■ **INFORMATION SHOWN**:
+++
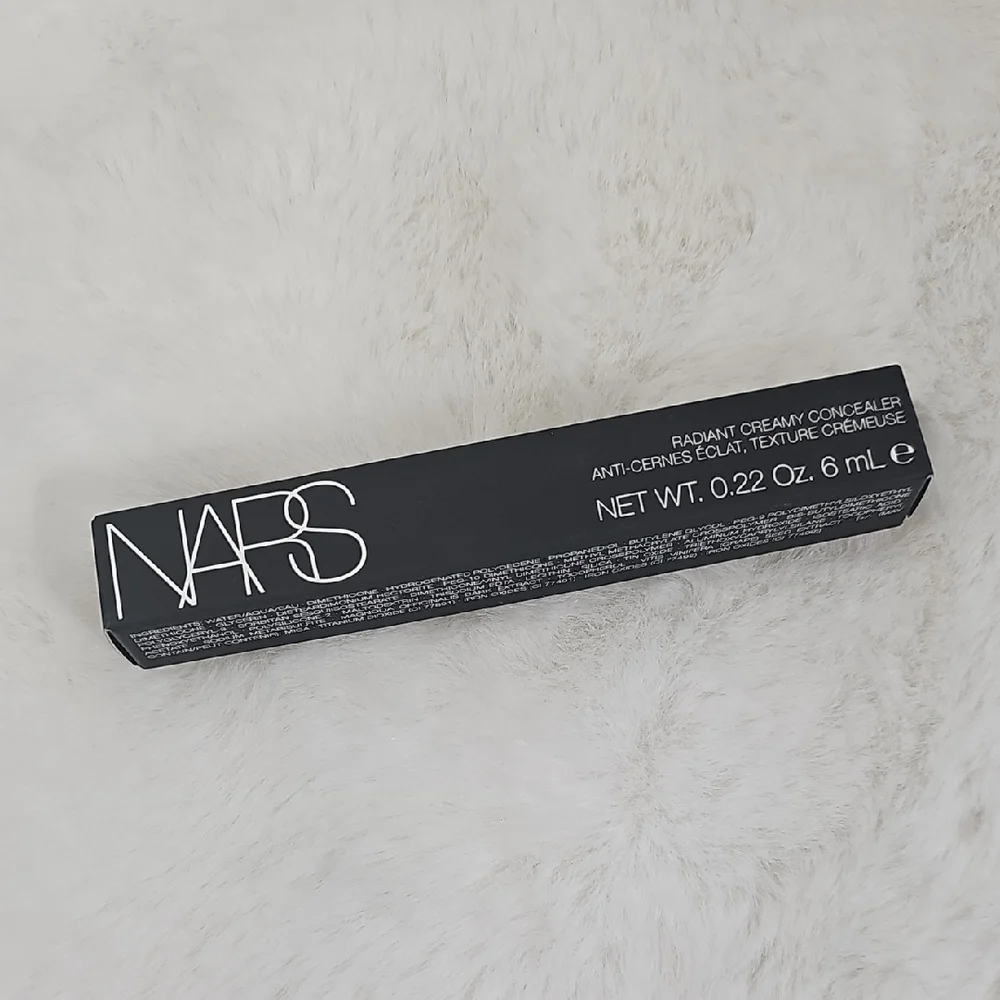 Nars Radiant Creamy Concealer  Hydrating Medium Coverage Creme Brulee Light 2.5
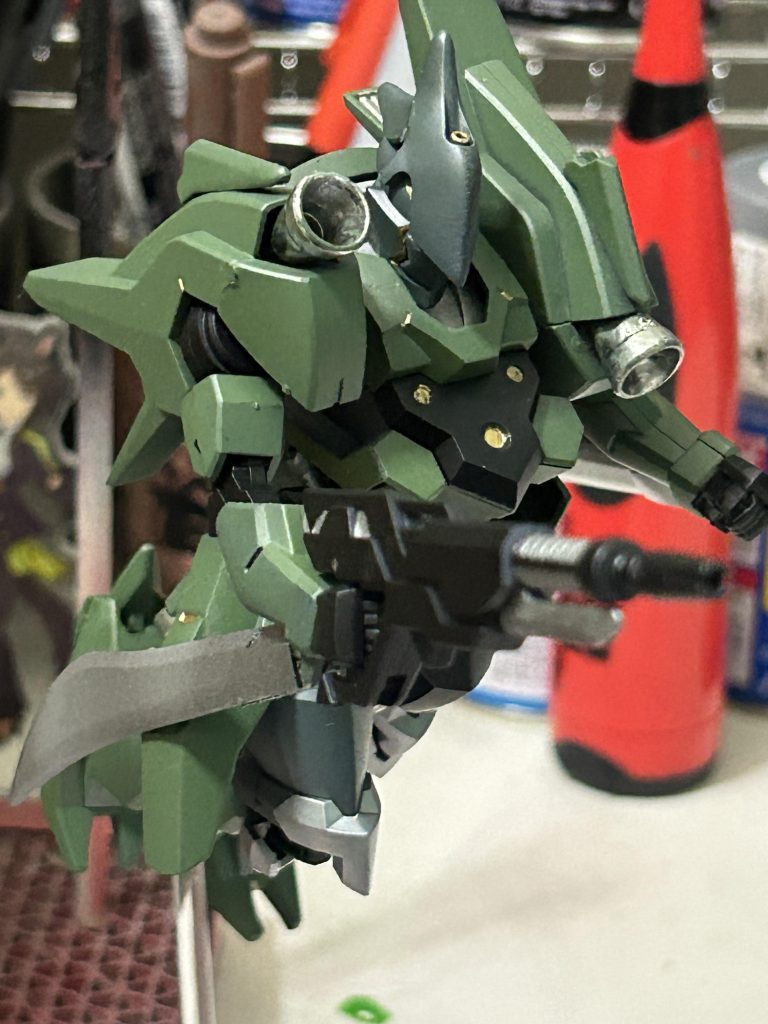 バヨネットライフルは砲身を延長し、射程距離をさらに伸ばす改造を施してます。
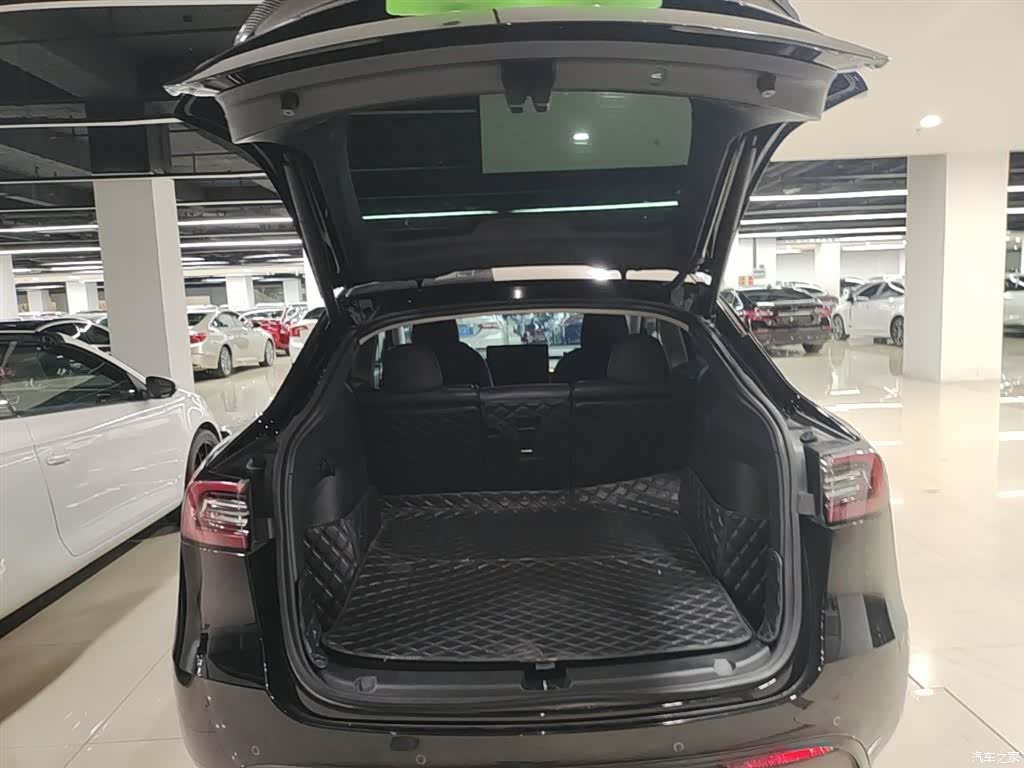 Tesla Model Y, 2022 19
+++
■ **TASK DETAILS**: Copy verbatim the span that opens at the line with "バヨネットライフルは砲身を延長し、射程距離をさらに伸ばす改造を施してます。" and closes at the final line of the listing. Do not carry over any pictures.

■ **RESPONSE BELOW**:
 バヨネットライフルは砲身を延長し、射程距離をさらに伸ばす改造を施してます。
 Tesla Model Y, 2022 19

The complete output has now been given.